[Records provided]
════════════════
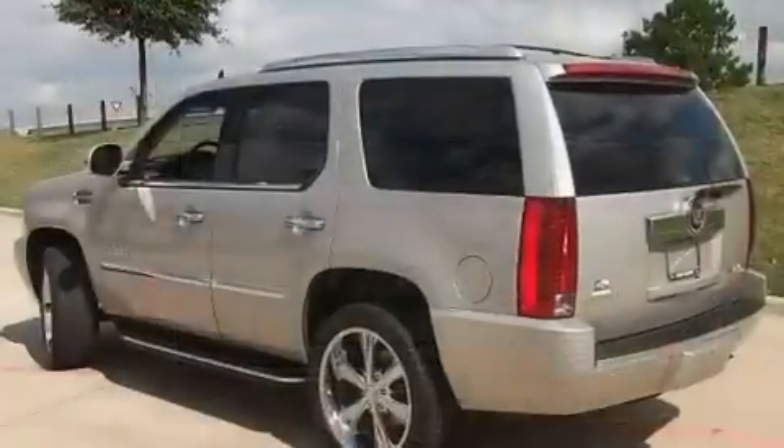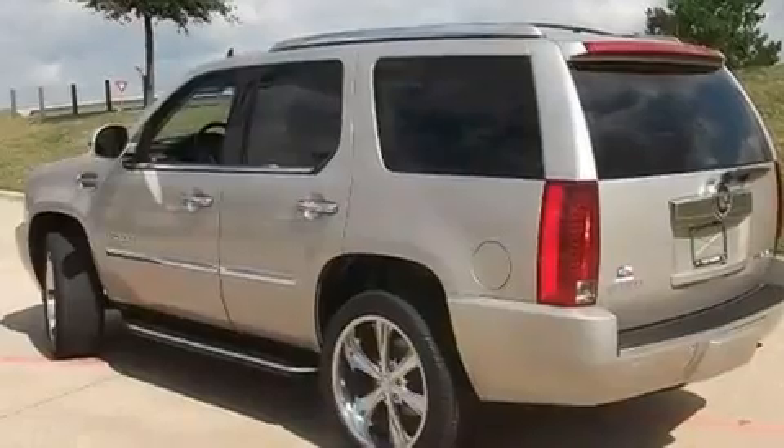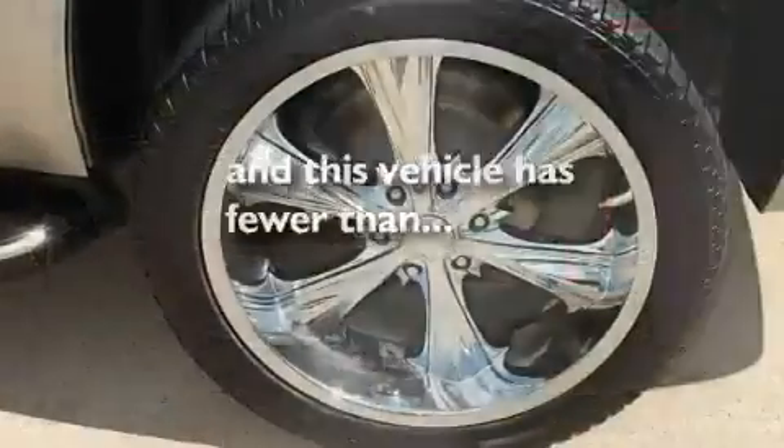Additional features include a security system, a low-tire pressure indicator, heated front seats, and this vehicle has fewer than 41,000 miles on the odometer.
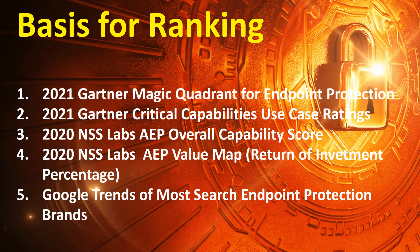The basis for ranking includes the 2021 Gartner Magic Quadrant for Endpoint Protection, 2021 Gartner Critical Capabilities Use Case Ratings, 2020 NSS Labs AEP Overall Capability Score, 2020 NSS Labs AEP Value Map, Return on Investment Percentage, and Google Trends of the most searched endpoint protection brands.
════════════════
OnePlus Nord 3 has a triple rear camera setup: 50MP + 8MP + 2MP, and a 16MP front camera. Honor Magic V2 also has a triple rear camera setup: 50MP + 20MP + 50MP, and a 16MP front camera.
════════════════
[Work to complete] Restate word for word every line from the one with "Additional features include" up to and including the one with "The basis for" in the records above, minus the pictures.

[Response area]
Additional features include a security system, a low-tire pressure indicator, heated front seats, and this vehicle has fewer than 41,000 miles on the odometer.
The basis for ranking includes the 2021 Gartner Magic Quadrant for Endpoint Protection, 2021 Gartner Critical Capabilities Use Case Ratings, 2020 NSS Labs AEP Overall Capability Score, 2020 NSS Labs AEP Value Map, Return on Investment Percentage, and Google Trends of the most searched endpoint protection brands.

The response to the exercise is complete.